As illustrated in FIGS. 7A-7B, in a preferred embodiment of the
invention the artificial lift valve 200 is made up of a valve
housing, indicated generally at 202, which is shaped and sized to
reside within the bore 204 of a side pocket mandrel in production
tubing. It is noted that the bore 204 of the side pocket mandrel
includes a number of generally radially outward facing lateral
ports 206 which permit fluid communication between the interior of
the bore 204 and the wellbore annulus 14 (as shown in FIG. 4). The
lower portion of the bore 204 also features one or more radially
inward-facing apertures (not shown) which will permit fluid
communication between the interior of the bore 204 and the flowbore
within the tubing string 12 (as shown in FIG. 4). Side pocket
mandrel designs of this nature are widely known.
The valve housing 202 itself includes an upper dome sub 208 which
is threadedly connected at 210 to a bellows housing 212 below. The
upper end of the upper dome sub 208 features a threaded portion 214
which permits the valve housing 202 to be engaged with a latchable
member 216 (latchable portion not shown) for secure fastening of
the valve 200 within the bore 204 of the side pocket mandrel. The
bellows housing 212 is threadedly engaged at 218 at its lower end
to a connector sub 220 which, in turn, is threadedly attached to a
main valve housing 224. The main valve housing 224 carries an outer
annular elastomeric packing 226 which, when the valve 200 is
disposed within the bore 204, effects a fluid seal against the
inner surface of the bore 204. The main valve housing 224 also
presents one or more lateral ports 228 which permit fluid
transmission through the main valve housing 224. A valve seat
retainer 230 is affixed by threaded connection 232 to the lower end
of the main valve housing 224. A nozzle-Venturi housing 234 is
threaded at 236 to the valve seat retainer 230 and carries an outer
annular packing 238 about its circumference which, when the valve
200 is disposed within the bore 204, effects a fluid seal against
the inner surface of the bore 204. Finally, a tapered nose piece
240 is threaded at 242 to the nozzle-Venturi housing 234.

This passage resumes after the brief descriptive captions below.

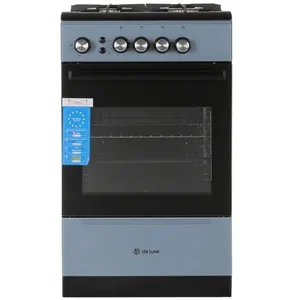 DE LUXE Газовая плита 506040.24г ЧР-002 513100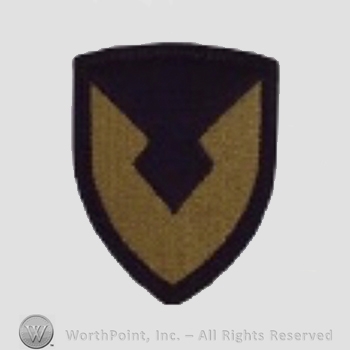 US Army Shoulder Sleeve Insignia: Army Materiel Command.
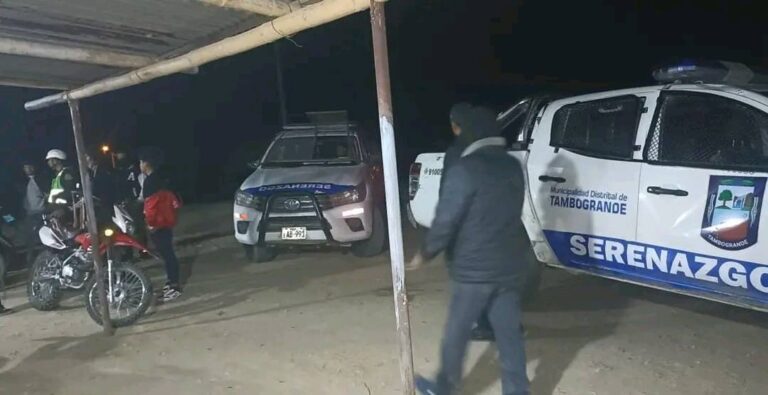 Tambogrande extorsionadores arrojan dinamita a restaurante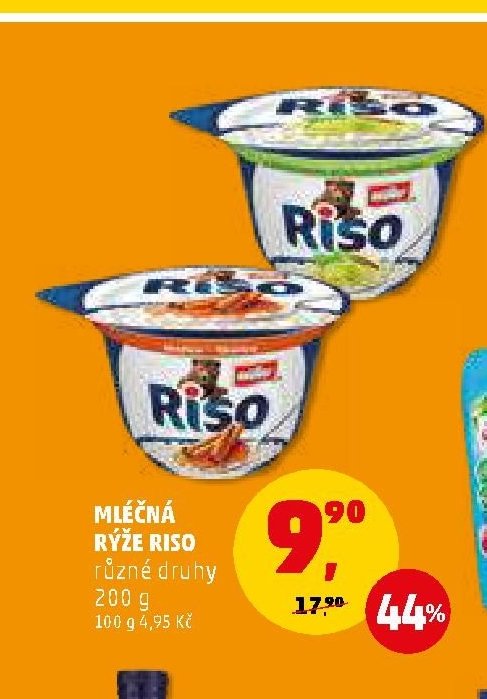 Mléčná rýže Riso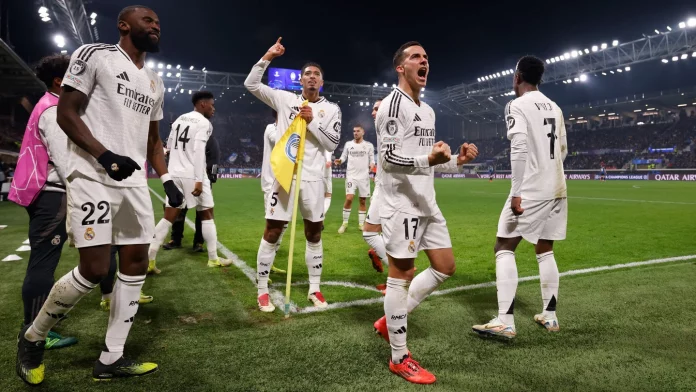 Ligue des champions: le Real Madrid se relance mais s’inquiète pour Mbappé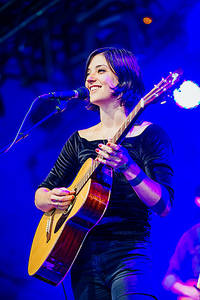 2014-08-08 - Sharon Van Etten från Way Out West, Göteborg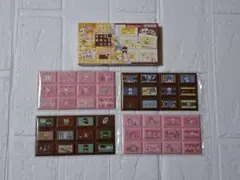 サンリオ⭐ちょこぶろっくしーる セット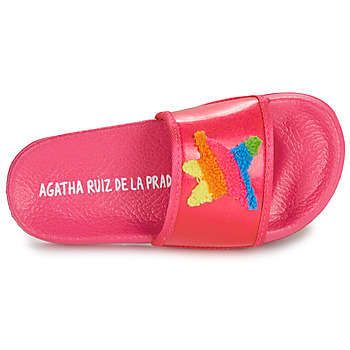 Agatha Ruiz de la Prada FLIP FLOP ESTRELLA Pink / Multicolour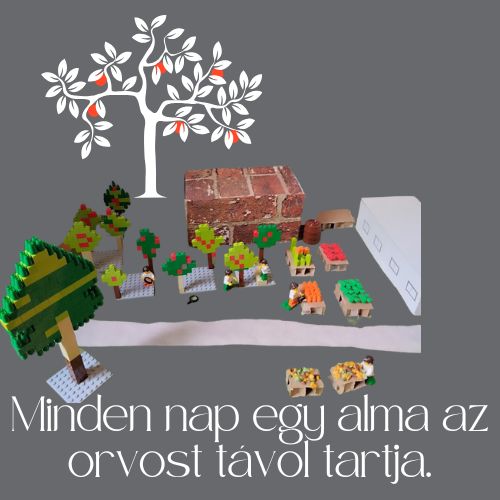 PlakátAlmafa projekt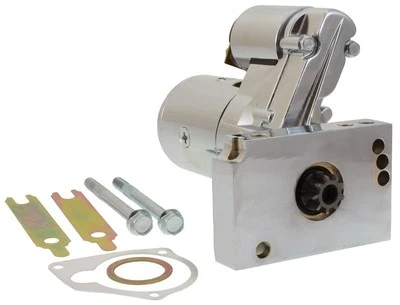 New Chrome Starter fits Chevrolet Nova 5.7L V8 1969-1979 153 / 168 Tooth Hot Rod - Image 1 of 4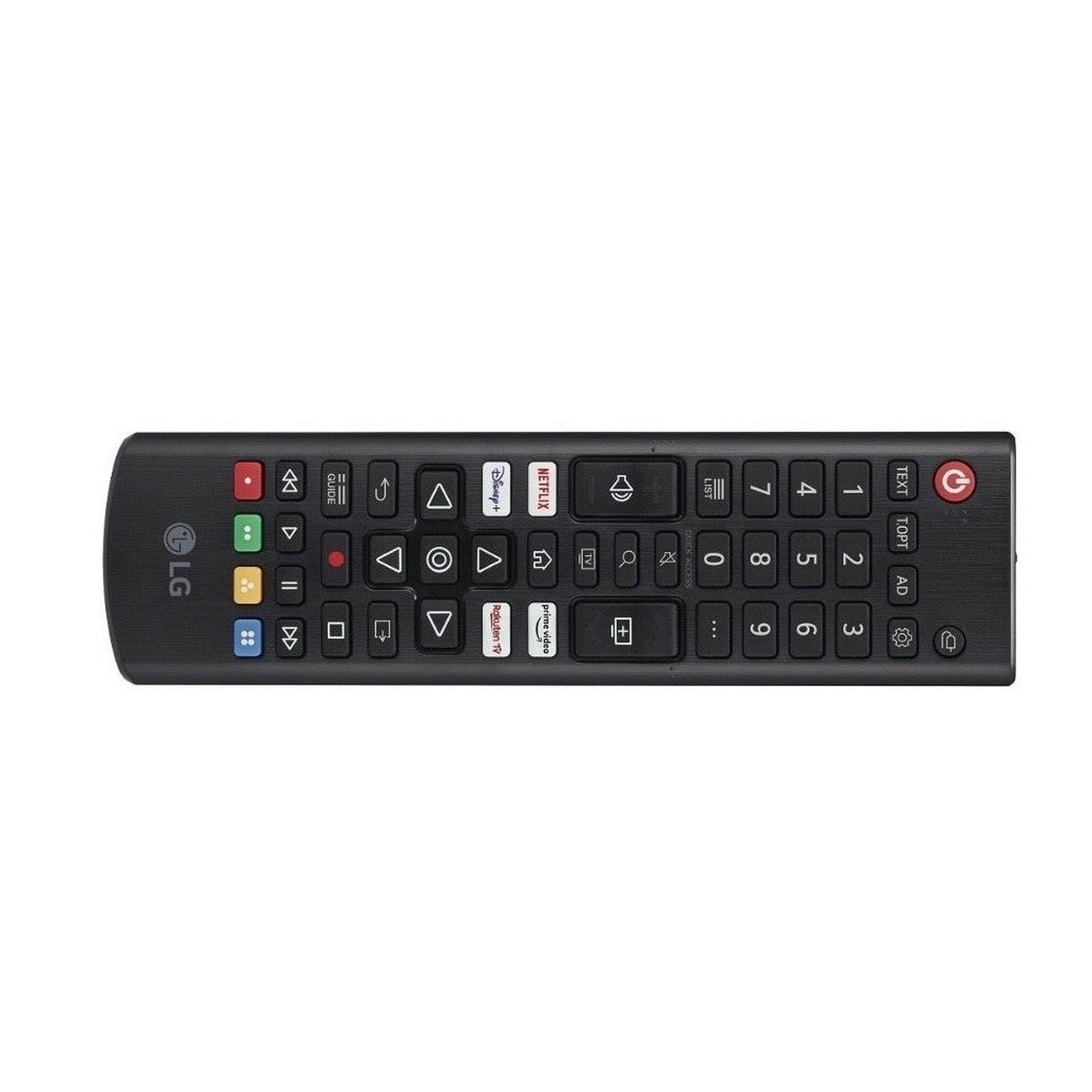 Genuine 2021 Smart TV’s Remote Control AKB76037605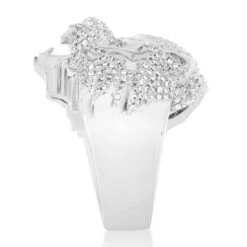 Wu-Tang X King Ice - 28mm Tiger Style Ring -King Ice wu tang x king ice 28mm tiger style ring king ice 36736156762287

A nitrogen charged chamber or "dome" chamber 244 is located near
the top of the valve 200. A fill valve 246 and a removable threaded
main seal plug 248 are located thereabove.
Below the dome chamber 244, a main valve assembly 250 is
reciprocally disposed within a bellows chamber 252 and a main valve
chamber 253 which is defined by the main valve housing 224. A
reduced diameter neck 254 is located at the upper portion of the
bellows chamber 252 and separates the bellows chamber 252 from the
dome chamber 244 above. The main valve assembly 250 is made up of
upper, central and lower stem sections 256, 258 and 260,
respectively, which are threadedly connected to each other in an
end-to-end relation as shown. The main valve assembly 250 also
features a valve plug 262 with a downwardly presented
spherically-shaped closure member, or ball, 264 threadedly engaged
to the bottom of the lower stem section 260. Below the valve plug
262, a valve seat 266 is maintained in place within the main valve
chamber 253 by the valve seat retainer 230.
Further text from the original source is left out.